How Humanity Shifted from Primary Consciousness to Unconscious Living
And Why This Is Reversible
We call ourselves conscious, yet we live most of our lives lost in thought about past and future. We think this is normal. It is not. It is a recent development in human history—and it can be undone.
What We Lost
Our ancestors—and every newborn child today—lived in what we can call primary consciousness:
• Fully present with what is
• No separation between self and world
• Direct, intuitive knowing without narrative
• The body feels what is right
• Connected to natural rhythms
This was not a primitive or unconscious state. It was fully conscious being—unbounded, open, immediate. Animals still live there. Young children too, until we train it out of them.

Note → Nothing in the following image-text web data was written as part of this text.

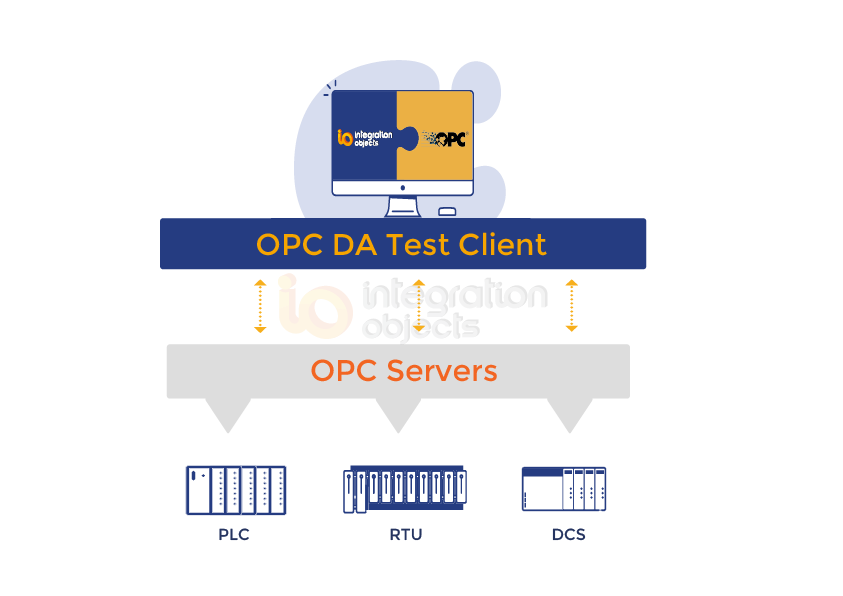 OPC DA Test Client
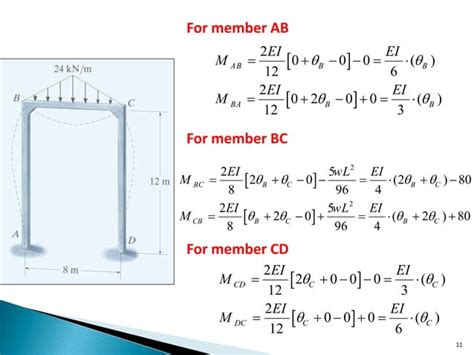 Slope Deflection Method For Structure Analysis In Civil Engineering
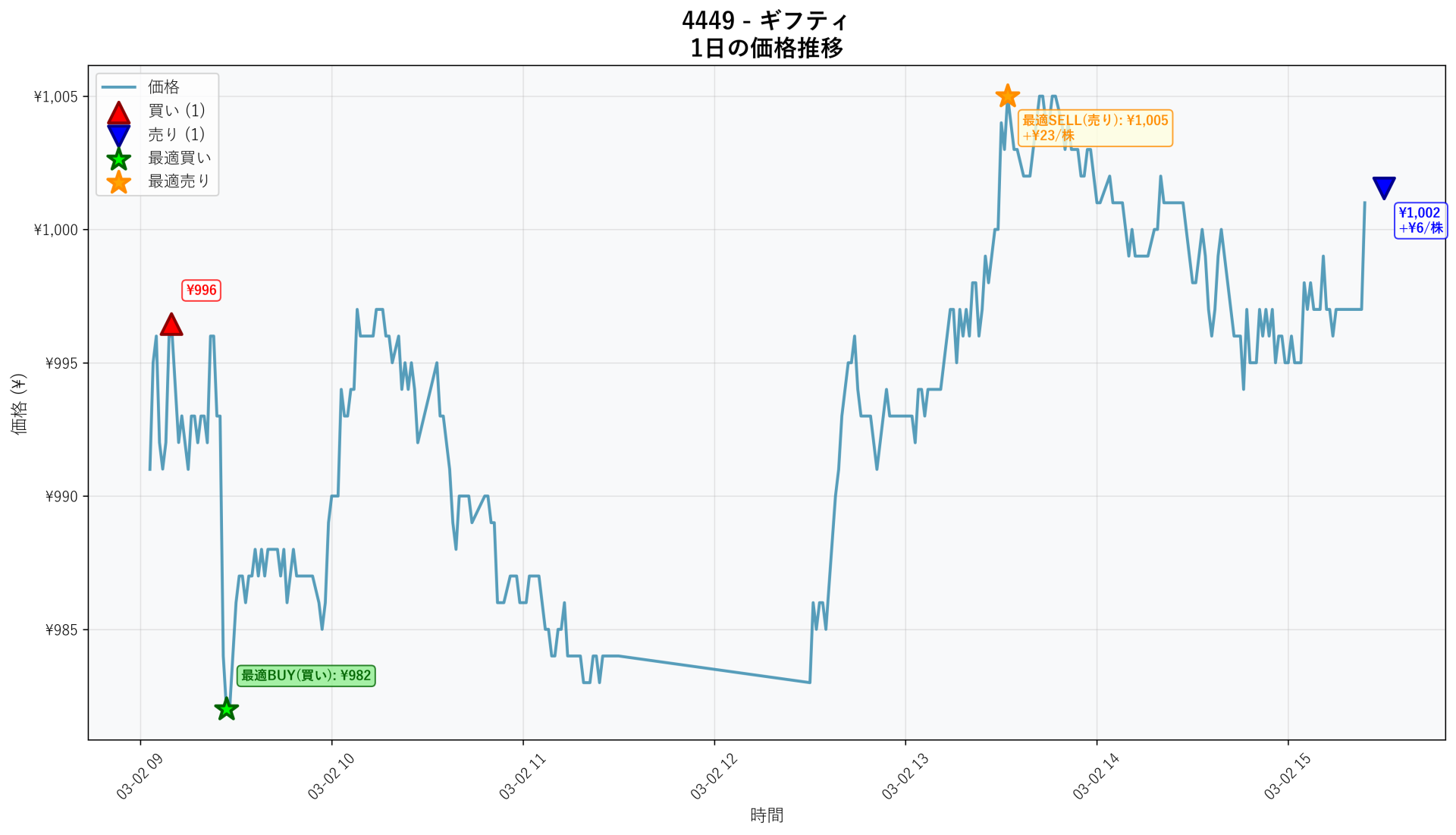 4449 Price Movement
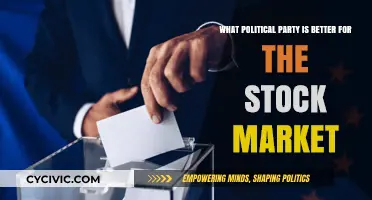 Which Political Party Historically Boosts Stock Market Performance?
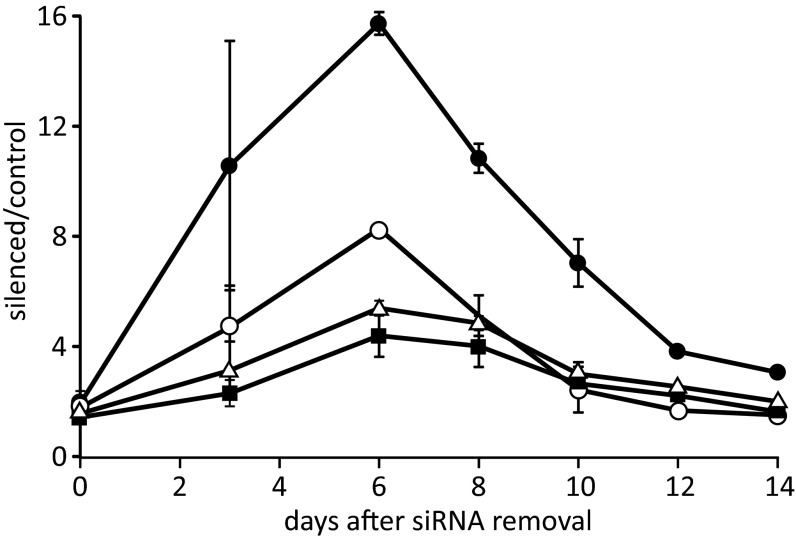 Fig. 7.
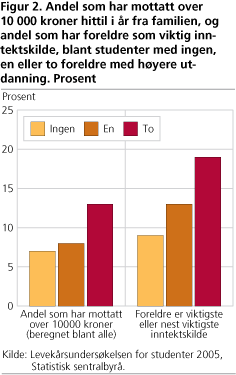 Andel som har mottatt over 10 000 kroner hittil i år fra familien, og andel som har foreldre som viktig inntektskilde, blant studenter med ingen, en eller to foreldre med høyere utdanning. Prosent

The Shift: When the Tool Became the Master
Somewhere in our evolution, our brain developed a remarkable capacity: the Default Mode Network (DMN). This network gives us:
• Self-awareness and autobiographical memory
• The ability to plan and imagine futures
• Language and complex social navigation
• The inner narrator that tells our story
At first, this was a brilliant tool. We could plan harvests, build civilizations, pass down knowledge. The DMN was meant to activate temporarily—for planning, reflecting—then quiet down, returning us to presence.
But then something crucial happened: the tool became the master.
The narrator—the voice in your head—became confused with who you actually are. Instead of using the DMN occasionally, we began living inside it permanently.
How It Happened
The shift was gradual, driven by civilization itself:
Agriculture: Future-oriented thinking became essential for survival
Property & ownership: Stories of ‘mine’ and ‘yours’ strengthened the sense of separate self
Written language: External storage reinforced narrative thinking
Education systems: Forced DMN activation from early childhood
Industrialization: Time became linear, measured, optimized
Digital age: Constant stimulation, 24/7 DMN activation
Each step moved us further from direct experience and deeper into the narrative about experience.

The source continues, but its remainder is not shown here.